In the later case, in the words of Verizon Digital Media Services it translates into this:

As a live event streaming platform that has supported thousands of live sporting events, including some of the largest leagues, biggest venues, and most watched games, we’ve had to address these concerns. Working closely with our customers, we’ve continually evolved and optimized every aspect of our live streaming video workflow and architecture so we can keep up with rising viewer standards for streaming quality.” (link)

Alas, it is all past tense.

First they ignore you“. As a conclusion, there is a lots of indication that the streaming and broadcasting ecosystem is now aware that not only WebRTC exists, but that it is viable.

“Then they laugh at you“. We see multiple attempts at trying to half-heartedly adopt it , at undermining its disruptive effect, or at preventing losing too much market to it.
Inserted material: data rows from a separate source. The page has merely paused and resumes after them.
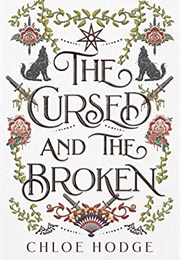 The Cursed and the Broken (Chloe Hodge)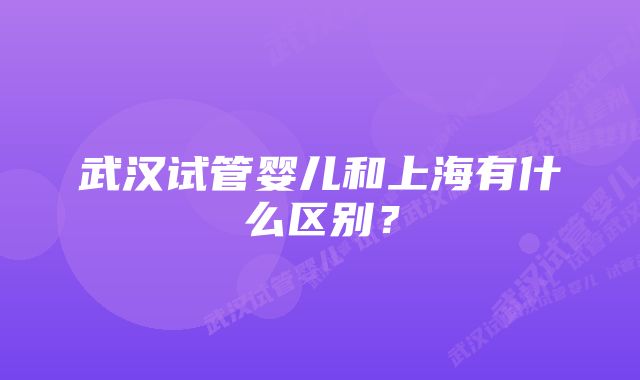 武汉试管婴儿和上海有什么区别？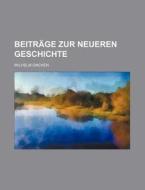 Beitrage Zur Neueren Geschichte di Wilhelm Oncken edito da General Books Llc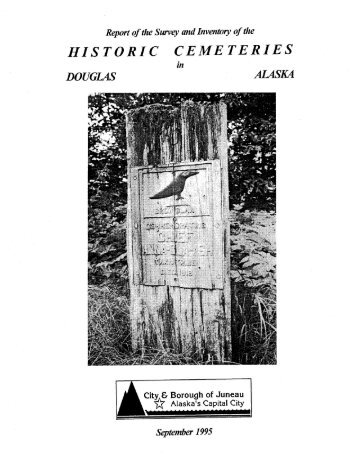 HISTORIC CEMETERIES - The City and Borough of Juneau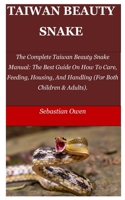 TAIWAN BEAUTY SNAKE: The Complete Taiwan Beauty Snake Manual: The Best Guide On How To Care, Feeding, Housing, And Handling (For Both Children & Adults). B08W7JH3JL Book Cover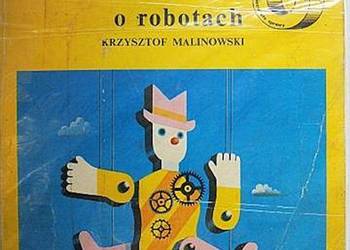 OPOWIEŚĆ O ROBOTACH - MALINOWSKI K.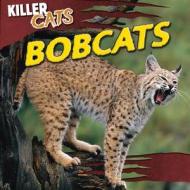 Bobcats di Ann Grucella edito da Gareth Stevens Publishing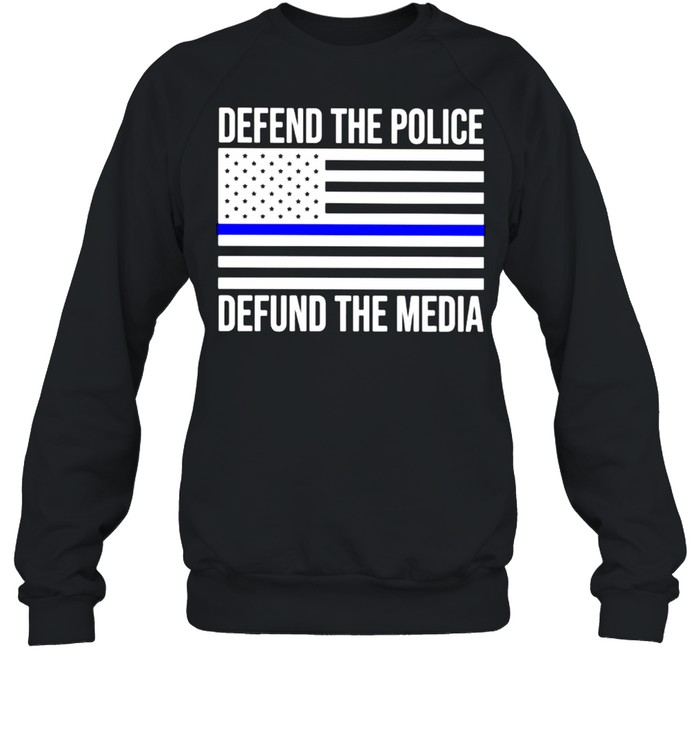 American defend the police defund the media shirt Unisex Sweatshirt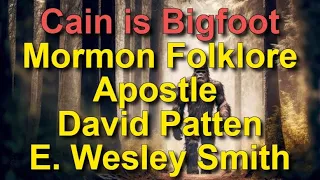 Mormon Folklore, Cain Is Bigfoot, Mormon Apostle David W Patten, Hawaii Mission Pres Wesley Smith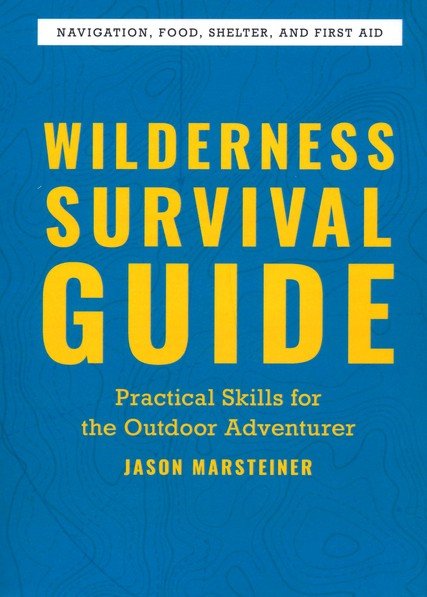 Wilderness Survival Guide: Practical Skills for the Outdoor Adventurer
Then they fight you“. One thing that people seems to be oblivious to is the speed at which WebRTC and corresponding offers mature. Two to three years ago, there were no WebRTC CDN (PhenixRTS was still phenix P2P and they had not understood yet the best way to use WebRTC for streaming). Today, a couple of years later, there are several WebRTC streaming services doing a good enough job to capture a part of the streaming market.

The web economy is not on vacation either, and Facebook, AWS, Google are all pushing the boundaries of the possible with e.g. project Stadia, defining Next generation of Codecs (AV1), network transport (QUIC), and of course WebRTC NV, all of which allow WebRTC-based services to evolve faster than the rest, on the shoulder of giants.

Given the speed at which those new players have came to market, it wouldn’t be surprising to see them invade quickly the rest of the market, adding features the traditional CDNs think are differentiating like server-side ad-insertion, forensic Watermarking, and the like before the end of the year.

Then you win“.

More technical details and ideas can be found in our recent presentation at Live Streaming East here.

(*) – NetInsight, Id3as, nanocosmo, wowza service get sometime mentioned, but it is not clear wether they are WebRTC end-to-end, i.e. it is not clear wether they can achieve as low a latency as WebRTC does.
Video Conferencing services like Tokbox, Twilio, Agora.io, …. also get mentioned, but the design of a Video Conferencing platform is vastly different from a streaming platform, and they are likely not to be competitive for a streaming usage.